Lo que decía el locutor terminó de atemorizarla: que el responsable de la muerte del presidente, que pertenecía a la tribu Hutu, mayoritaria en el país, era una agrupación de rebeldes Tutsis -la tribu minoritaria-, que desde hacía años se encontraba en conflicto con el gobierno. Como venganza, relataba el periodista, soldados de la guardia presidencial habían decidido hacer justicia por mano propia, asesinando a 18 familias tutsis que nada tenían que ver con el atentado. El gobierno también había cerrado las fronteras, clausurado las escuelas y colocado cientos de barricadas y puestos policiales en Kigali, la capital, ubicada a horas de distancia de Mataba, la aldea donde vivía Immaculée.
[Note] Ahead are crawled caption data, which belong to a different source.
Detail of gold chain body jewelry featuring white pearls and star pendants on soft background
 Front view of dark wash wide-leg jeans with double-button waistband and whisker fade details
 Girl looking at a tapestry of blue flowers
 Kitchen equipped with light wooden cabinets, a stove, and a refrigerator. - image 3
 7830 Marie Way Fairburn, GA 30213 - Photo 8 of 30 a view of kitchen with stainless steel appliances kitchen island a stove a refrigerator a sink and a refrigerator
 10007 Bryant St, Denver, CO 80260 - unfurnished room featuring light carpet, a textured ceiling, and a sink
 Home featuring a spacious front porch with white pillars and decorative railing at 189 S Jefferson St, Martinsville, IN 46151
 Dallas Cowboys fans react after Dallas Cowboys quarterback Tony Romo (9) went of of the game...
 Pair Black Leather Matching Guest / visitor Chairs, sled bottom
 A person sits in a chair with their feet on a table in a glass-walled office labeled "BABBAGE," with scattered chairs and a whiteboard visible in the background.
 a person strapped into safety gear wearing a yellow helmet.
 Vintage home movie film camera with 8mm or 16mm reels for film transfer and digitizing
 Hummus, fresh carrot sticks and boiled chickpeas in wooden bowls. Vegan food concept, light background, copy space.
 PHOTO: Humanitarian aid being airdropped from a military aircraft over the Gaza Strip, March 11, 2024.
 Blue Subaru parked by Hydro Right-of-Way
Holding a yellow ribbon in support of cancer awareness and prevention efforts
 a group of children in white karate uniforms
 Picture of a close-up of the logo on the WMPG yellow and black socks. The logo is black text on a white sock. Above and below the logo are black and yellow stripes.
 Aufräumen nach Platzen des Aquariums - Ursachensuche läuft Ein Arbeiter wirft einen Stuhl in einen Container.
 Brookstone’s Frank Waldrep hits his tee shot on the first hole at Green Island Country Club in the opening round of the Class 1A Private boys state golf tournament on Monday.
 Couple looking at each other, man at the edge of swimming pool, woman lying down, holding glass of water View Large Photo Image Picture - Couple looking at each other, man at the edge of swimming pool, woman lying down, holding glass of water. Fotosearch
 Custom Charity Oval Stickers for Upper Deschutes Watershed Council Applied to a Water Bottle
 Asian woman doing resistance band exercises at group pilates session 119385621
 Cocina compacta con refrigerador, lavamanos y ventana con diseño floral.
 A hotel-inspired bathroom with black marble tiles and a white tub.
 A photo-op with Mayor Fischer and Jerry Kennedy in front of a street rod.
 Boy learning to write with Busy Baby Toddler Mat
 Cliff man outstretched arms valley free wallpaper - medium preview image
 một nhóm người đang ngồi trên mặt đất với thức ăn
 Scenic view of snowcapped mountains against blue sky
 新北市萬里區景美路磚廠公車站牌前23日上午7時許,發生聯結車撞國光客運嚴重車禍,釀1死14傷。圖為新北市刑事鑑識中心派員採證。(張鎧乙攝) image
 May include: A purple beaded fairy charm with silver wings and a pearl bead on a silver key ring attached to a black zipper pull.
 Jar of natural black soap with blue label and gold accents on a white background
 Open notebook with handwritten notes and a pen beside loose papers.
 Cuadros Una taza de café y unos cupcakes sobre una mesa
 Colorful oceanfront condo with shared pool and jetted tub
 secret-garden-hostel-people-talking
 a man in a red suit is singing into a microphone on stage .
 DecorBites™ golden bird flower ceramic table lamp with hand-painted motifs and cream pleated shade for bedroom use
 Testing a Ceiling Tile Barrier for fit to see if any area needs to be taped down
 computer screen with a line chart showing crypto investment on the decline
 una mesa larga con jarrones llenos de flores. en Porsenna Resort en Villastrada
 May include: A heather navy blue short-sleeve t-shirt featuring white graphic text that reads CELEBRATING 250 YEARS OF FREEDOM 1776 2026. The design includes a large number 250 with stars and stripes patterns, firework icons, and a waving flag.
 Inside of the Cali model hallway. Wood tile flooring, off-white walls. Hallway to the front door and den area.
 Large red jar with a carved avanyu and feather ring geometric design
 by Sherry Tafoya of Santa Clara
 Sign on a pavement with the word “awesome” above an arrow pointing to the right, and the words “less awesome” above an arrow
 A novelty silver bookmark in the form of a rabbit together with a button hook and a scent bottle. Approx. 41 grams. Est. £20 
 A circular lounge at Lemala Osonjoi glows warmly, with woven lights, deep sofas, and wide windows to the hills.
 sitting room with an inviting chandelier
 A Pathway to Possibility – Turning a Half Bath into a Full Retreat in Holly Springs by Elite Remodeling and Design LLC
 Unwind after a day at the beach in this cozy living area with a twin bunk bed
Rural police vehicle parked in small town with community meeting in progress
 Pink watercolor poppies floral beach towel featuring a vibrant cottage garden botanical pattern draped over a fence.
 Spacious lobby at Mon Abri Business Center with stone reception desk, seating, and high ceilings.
La joven, que en ese entonces era una estudiante universitaria, acababa de regresar a su pueblo natal para pasar Semana Santa con su familia.
Ni ella ni su familia lo sabían, pero el Genocidio de Ruanda ya había comenzado. En los próximos 100 días, civiles y soldados Hutus exterminarían con lanzas y machetes a más de 800.000 tutsis, aproximadamente el 70% de la tribu, perpetrando así una de las masacres más sanguinarias de la historia reciente.
“Fue todo tan terrible que, una vez terminado el genocidio, el nuevo gobierno tardó dos años en terminar de limpiar los cadáveres. Aparecían por todos lados. Movías una planta y te encontrabas con la cabeza de alguien”, recuerda Immaculée, a sus 50 años, durante una entrevista con LA NACION. La sobreviviente del genocidio de Ruanda y ex trabajadora de la Naciones Unidas viajó a la Argentina para contar su experiencia de vida en colegios secundarios y grandes empresas. Cada año, su historia, convertida en Best Seller en 2006, llena auditorios en todo el mundo.
Ocho mujeres en un baño
El tamaño del baño era el de un placard. Medía 1 por 1,2 metros, y estaba ubicado en la casa de un vecino, el pastor Murinzi, hutu. Allí fue a parar Immaculée luego del asesinato del presidente, a pedido de su padre. A esa altura, su familia ya sabía que el grupo extremista hutu, al que cada día se sumaban más civiles, podría ir a buscarlos.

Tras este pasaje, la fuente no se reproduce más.